While there is always room for scientific disagreement about climate change (as there is with any scientific issue) I have found that insurers are amongst the most determined advocates for tackling it sooner rather than later. And little wonder. While others have been debating the theory, you have been dealing with the reality: since the 1980s the number of registered weather-related loss events has tripled; and inflation-adjusted insurance losses from these events have increased from an annual average of around $10bn in the 1980s to around $50bn over the past decade. The challenges currently posed by climate change pale in significance compared with what might come. The far-sighted amongst you are anticipating broader global impacts on property, migration and political stability, as well as food and water security.
Climate change is the Tragedy of the Horizon. We don’t need an army of actuaries to tell us that the catastrophic impacts of climate change will be felt beyond the traditional horizons of most actors – imposing a cost on future generations that the current generation has no direct incentive to fix. That means beyond the business cycle, beyond the political cycle and beyond the horizon of technocratic authorities, like central banks, who are bound by their mandates. The horizon for monetary policy extends out to 2-3 years. For financial stability it is a bit longer, but typically only to the outer boundaries of the credit cycle – about a decade. In other words, once climate change becomes a defining issue for financial stability, it may already be too late.

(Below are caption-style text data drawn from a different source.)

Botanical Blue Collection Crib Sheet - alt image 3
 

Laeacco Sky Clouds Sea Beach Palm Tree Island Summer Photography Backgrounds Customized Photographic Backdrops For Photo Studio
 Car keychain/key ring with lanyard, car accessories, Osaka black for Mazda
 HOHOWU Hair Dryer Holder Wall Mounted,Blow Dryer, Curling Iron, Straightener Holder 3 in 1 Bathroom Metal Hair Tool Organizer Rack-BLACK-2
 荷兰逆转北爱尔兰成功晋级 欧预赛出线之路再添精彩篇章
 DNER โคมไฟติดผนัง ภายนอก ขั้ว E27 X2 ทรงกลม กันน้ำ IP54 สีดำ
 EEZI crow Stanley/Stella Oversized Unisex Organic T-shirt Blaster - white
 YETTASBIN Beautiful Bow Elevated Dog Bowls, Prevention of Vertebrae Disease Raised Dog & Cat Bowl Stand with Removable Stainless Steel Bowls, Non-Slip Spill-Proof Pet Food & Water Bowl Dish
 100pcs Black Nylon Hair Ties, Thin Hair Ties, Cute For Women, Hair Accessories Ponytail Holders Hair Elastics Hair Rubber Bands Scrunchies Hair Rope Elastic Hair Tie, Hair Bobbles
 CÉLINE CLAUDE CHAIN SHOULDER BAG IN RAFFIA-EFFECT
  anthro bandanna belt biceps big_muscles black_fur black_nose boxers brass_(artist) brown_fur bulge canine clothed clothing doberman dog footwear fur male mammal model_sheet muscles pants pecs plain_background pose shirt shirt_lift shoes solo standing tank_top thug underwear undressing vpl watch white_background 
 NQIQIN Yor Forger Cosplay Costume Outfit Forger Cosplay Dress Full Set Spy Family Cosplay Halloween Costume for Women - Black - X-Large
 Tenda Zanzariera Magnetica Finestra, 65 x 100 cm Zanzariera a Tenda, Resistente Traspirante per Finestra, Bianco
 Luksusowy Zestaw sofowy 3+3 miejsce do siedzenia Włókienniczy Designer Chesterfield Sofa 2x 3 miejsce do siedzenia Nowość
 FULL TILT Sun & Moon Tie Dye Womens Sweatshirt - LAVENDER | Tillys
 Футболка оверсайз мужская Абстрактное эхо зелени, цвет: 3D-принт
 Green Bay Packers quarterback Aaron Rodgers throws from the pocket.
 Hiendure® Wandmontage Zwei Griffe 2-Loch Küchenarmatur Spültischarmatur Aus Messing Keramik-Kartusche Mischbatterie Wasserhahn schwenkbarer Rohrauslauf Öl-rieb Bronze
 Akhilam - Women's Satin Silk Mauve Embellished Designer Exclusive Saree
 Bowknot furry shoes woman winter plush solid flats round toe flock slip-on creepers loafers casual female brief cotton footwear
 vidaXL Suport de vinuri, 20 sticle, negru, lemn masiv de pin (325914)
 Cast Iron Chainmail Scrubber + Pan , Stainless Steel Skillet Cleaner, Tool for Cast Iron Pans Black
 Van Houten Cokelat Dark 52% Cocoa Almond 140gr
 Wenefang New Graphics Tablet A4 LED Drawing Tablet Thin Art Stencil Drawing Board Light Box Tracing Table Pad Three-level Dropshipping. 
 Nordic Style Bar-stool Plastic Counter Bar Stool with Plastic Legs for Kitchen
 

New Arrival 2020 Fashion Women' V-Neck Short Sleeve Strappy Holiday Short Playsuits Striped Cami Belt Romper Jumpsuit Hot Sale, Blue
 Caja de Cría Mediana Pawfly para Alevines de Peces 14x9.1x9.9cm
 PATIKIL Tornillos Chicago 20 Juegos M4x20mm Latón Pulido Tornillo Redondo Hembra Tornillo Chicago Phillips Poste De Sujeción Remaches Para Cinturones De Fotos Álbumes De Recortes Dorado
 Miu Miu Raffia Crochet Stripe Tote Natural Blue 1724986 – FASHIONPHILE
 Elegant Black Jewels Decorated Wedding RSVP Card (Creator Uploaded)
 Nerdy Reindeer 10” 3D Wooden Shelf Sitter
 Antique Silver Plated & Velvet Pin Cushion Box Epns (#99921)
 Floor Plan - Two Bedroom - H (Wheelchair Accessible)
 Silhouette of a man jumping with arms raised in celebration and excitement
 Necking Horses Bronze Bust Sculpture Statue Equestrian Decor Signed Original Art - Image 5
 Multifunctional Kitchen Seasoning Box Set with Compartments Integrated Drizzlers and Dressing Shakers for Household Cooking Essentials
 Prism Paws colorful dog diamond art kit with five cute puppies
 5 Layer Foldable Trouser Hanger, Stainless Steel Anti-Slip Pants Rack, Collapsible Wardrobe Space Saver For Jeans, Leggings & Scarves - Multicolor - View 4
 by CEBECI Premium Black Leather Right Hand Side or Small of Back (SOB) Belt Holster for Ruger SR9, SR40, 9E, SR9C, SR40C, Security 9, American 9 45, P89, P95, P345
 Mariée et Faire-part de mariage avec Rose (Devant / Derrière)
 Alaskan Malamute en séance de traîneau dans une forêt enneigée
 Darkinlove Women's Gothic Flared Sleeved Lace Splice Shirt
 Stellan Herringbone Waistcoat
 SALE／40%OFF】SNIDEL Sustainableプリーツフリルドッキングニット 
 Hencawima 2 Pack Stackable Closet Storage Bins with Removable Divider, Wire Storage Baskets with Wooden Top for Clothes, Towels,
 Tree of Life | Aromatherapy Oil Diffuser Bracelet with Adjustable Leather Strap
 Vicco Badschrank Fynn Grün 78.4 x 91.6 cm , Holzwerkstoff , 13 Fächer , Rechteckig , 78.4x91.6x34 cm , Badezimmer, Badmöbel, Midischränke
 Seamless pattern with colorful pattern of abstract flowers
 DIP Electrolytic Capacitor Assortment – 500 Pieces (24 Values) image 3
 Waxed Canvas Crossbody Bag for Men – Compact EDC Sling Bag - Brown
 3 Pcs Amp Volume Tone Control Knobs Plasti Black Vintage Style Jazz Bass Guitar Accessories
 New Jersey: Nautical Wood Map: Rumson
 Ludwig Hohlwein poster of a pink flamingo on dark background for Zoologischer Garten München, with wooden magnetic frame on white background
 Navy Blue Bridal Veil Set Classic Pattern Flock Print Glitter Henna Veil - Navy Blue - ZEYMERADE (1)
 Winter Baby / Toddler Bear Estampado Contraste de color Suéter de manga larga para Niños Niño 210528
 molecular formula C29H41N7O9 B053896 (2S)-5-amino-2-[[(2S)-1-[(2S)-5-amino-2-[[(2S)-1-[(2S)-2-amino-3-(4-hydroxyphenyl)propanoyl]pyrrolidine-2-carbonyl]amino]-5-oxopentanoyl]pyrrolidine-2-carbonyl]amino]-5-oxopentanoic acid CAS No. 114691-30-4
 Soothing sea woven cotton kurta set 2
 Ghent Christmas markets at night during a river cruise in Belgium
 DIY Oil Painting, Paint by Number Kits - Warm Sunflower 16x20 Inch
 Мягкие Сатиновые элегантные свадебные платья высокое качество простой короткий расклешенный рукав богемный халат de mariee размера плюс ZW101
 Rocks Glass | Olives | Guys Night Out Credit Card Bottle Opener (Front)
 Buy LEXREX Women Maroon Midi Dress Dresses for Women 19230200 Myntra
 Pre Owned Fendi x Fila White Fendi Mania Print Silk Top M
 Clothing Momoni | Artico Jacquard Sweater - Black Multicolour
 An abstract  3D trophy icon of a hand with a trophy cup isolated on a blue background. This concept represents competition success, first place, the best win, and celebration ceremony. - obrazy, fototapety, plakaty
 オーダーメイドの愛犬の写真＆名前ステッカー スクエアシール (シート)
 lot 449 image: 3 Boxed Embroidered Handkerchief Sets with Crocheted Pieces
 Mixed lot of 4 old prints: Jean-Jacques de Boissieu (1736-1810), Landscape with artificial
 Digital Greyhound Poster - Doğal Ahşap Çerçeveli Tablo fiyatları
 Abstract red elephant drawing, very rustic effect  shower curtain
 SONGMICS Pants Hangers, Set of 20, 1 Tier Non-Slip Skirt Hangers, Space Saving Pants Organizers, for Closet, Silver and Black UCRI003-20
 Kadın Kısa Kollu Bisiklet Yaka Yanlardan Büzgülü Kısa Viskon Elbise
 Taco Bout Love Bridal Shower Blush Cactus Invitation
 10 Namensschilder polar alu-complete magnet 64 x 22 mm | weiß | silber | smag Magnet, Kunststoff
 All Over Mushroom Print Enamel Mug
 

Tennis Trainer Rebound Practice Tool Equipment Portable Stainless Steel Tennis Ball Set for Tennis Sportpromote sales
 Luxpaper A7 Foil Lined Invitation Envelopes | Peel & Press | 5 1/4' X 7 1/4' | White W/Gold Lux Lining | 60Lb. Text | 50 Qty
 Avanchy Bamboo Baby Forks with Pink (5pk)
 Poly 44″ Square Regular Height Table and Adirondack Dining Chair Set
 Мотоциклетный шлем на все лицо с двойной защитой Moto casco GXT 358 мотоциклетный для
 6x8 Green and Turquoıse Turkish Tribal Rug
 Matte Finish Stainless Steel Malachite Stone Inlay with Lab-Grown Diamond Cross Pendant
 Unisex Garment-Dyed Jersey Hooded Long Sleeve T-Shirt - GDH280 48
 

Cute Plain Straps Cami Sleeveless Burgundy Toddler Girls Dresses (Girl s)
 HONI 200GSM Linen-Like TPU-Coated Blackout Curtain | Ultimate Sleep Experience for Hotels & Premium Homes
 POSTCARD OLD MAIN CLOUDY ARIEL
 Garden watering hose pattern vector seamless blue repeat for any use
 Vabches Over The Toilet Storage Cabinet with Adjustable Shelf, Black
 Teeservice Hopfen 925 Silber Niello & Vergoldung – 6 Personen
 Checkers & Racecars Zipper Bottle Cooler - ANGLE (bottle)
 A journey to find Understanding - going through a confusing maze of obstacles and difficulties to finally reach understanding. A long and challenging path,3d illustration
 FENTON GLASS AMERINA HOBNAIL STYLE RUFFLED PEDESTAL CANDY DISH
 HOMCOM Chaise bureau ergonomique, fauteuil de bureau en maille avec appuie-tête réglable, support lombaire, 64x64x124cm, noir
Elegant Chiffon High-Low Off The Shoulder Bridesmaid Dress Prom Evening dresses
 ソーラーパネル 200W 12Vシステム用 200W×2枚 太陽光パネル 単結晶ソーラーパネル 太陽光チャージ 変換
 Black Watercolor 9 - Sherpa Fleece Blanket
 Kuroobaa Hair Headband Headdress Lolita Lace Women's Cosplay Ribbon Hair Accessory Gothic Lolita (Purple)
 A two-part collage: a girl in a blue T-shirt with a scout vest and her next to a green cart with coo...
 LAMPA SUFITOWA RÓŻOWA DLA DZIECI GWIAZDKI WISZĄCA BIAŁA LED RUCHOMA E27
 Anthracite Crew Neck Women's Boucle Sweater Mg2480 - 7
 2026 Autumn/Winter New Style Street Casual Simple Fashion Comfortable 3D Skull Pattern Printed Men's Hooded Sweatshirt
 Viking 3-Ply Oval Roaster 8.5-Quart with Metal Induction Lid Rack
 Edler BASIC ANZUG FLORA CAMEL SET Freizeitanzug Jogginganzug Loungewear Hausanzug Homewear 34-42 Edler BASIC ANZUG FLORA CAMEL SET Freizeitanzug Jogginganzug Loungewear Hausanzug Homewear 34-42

There are three broad channels through which climate change can affect financial stability:
- First, physical risks: the impacts today on insurance liabilities and the value of financial assets that arise from climate- and weather-related events, such as floods and storms that damage property or disrupt trade;
- Second, liability risks: the impacts that could arise tomorrow if parties who have suffered loss or damage from the effects of climate change seek compensation from those they hold responsible. Such claims could come decades in the future, but have the potential to hit carbon extractors and emitters – and, if they have liability cover, their insurers – the hardest;
- Finally, transition risks: the financial risks which could result from the process of adjustment towards a lower-carbon economy. Changes in policy, technology and physical risks could prompt a reassessment of the value of a large range of assets as costs and opportunities become apparent.
The speed at which such re-pricing occurs is uncertain and could be decisive for financial stability. There have already been a few high profile examples of jump-to-distress pricing because of shifts in environmental policy or performance.